2. Computation Errors
Another common error to avoid is computation errors. While these mistakes are similar to mathematical error, computation errors are specific to tax-return entries such as taxable income, withholdings, estimated tax payments and write-offs. The IRS commonly sees computation errors. It can be difficult to figure out your earned income credits, taxable amounts of Social Security benefits and larger deductions. If you’re unsure about how to record something, it’s best to consult with a tax professional. Otherwise, if you make a computation mistake, the IRS will notice and you will likely be contacted, if not audited.
3. Not Reporting Additional Income
You must report all income when filing your taxes. The IRS has a tracking system in place to determine which returns to audit. One of the ways the tracking system flags returns for audit is based on the likelihood of unreported income. Therefore, if you fail to report income or fudge small numbers, you will attract the attention of the IRS.
Be sure to report all income including employee W-2 forms and independent contractor 1099 forms. If you forget to report this income, it could not only lead to an audit but failure to pay taxes on this income could lead to additional penalties and costs. The best way to avoid this is by reporting all of your income to the IRS.
4. Misspelled or Different Names
Another common mistake people make when filing their taxes is misspelling their name or filing under a new name. The IRS will identify you based on your name and your social security number. When your name, your spouse’s name or your children’s name does not match the social security number on file, it will likely slow down the processing of your tax return . Always double check the spelling on your tax forms.

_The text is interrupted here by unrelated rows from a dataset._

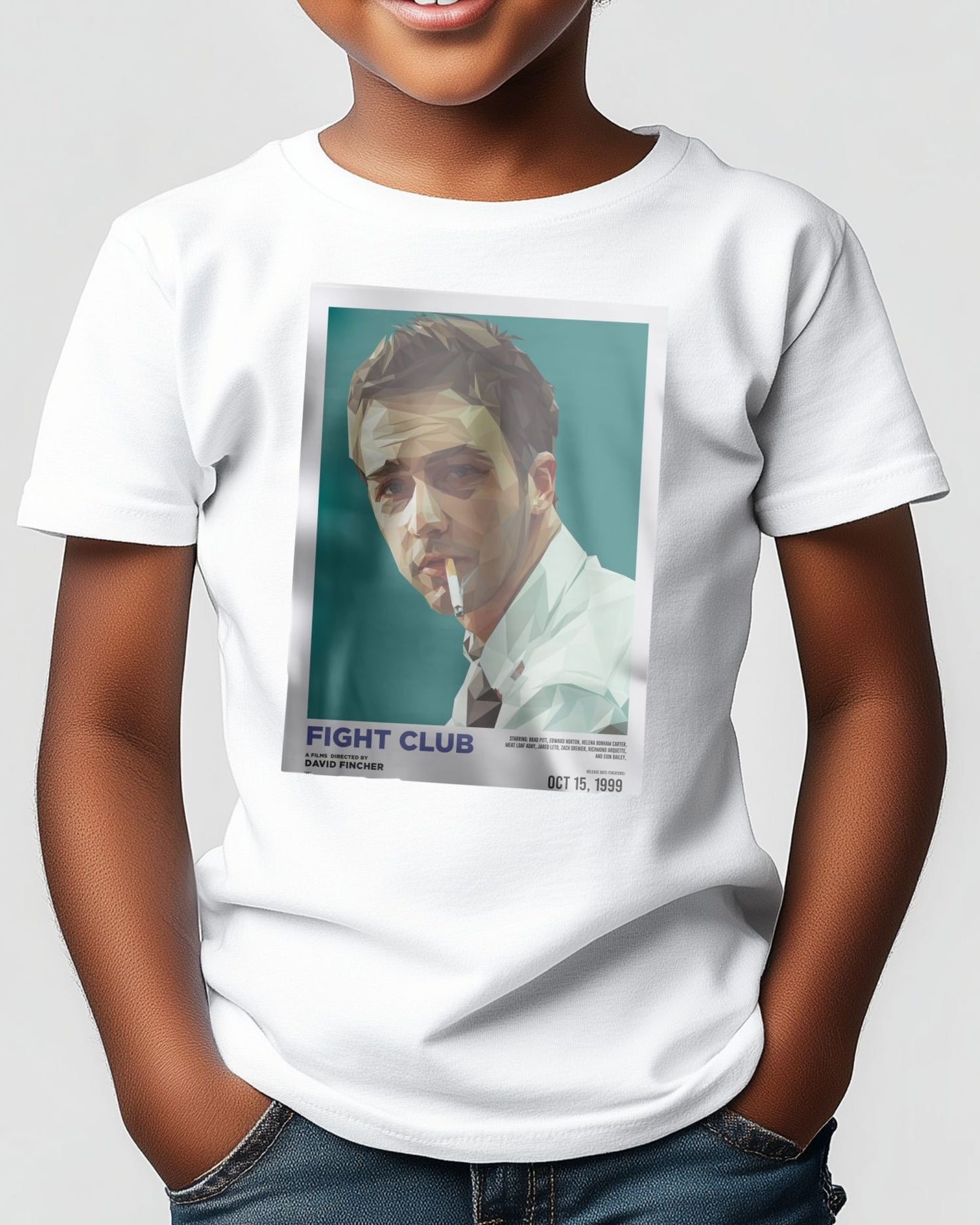 tyler durden - @Artnesia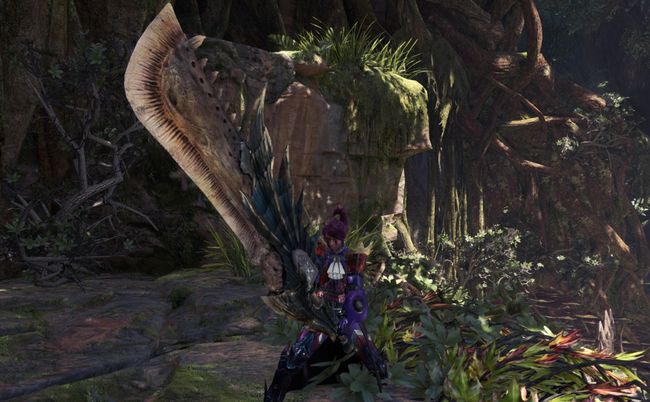 Monster Hunter's greatsword has the best videogame animation since ...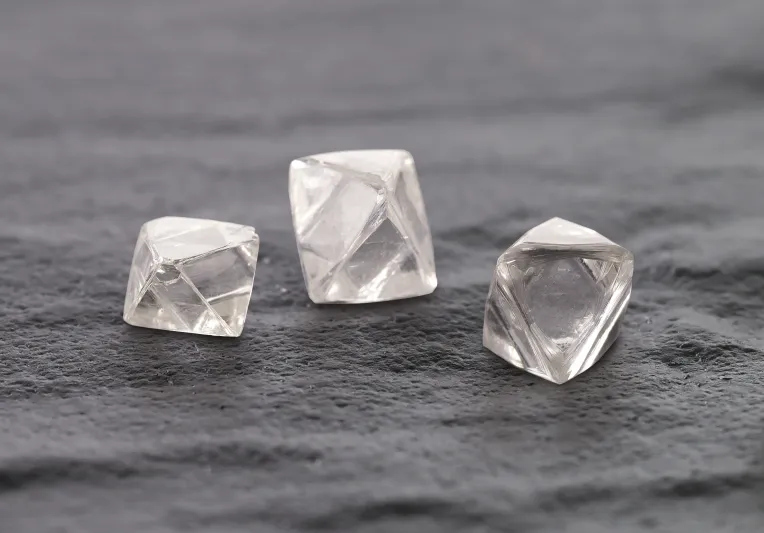 وعد معوّض للألماس المصقول.. التزام صارم بالحرفية والجمال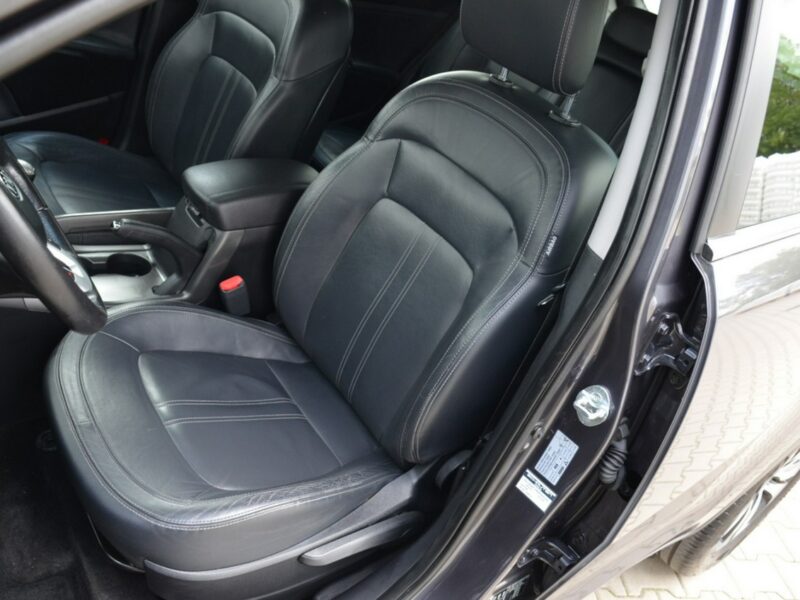 Kia Sportage Zarejestr. 2.0i DOHC 163KM Serwis 4x4 Kamera Navi Skóra Keyless go III (2010-2015)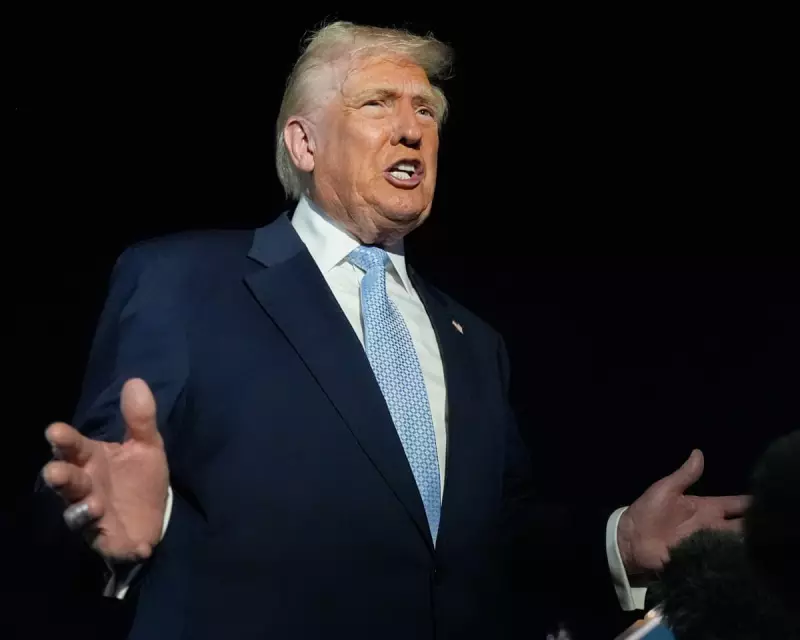 Trump Urges Republicans to Vote for Epstein Files Release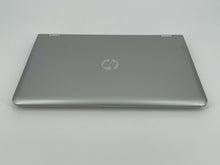 Load image into Gallery viewer, HP Pavilion x360 15&quot; Silver 2017 2.4GHz i3-7100U 8GB RAM 1TB HDD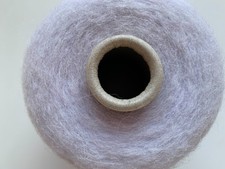 100g Bobbelwolle Flauschwolle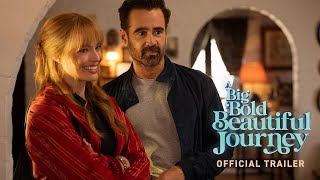 A Big Bold Beautiful Journey (2025) - Trailer 1 - 4K HDR 60 FPS \& 5.1 Audio 🎧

When individuals get married and change their name, this is a common issue. If you don’t alert the Social Security Administration of your name change, the name associated with your SSN will be your maiden name. This can lead to confusion and complications when you try to file taxes under your new last name. Be sure to change your name with the Social Security Administration as soon as possible to avoid any filing issues.
5. Status Errors
What some people don’t realize is that major life changes can impact how you file your taxes. Changes such as marriage, divorce, purchasing a home or having a child can all impact your tax filing status. It is extremely important to select the correct filing status based on your situation. The option you select could make a difference in how much you owe in taxes as well as the amount of your tax refund .
Carefully review each of the status options and select the option that best fits your situation. If you have a life-changing event that would alter your status, contact the IRS. If you don’t, you could file incorrectly, which could lead to an audit or other unnecessary tax penalties.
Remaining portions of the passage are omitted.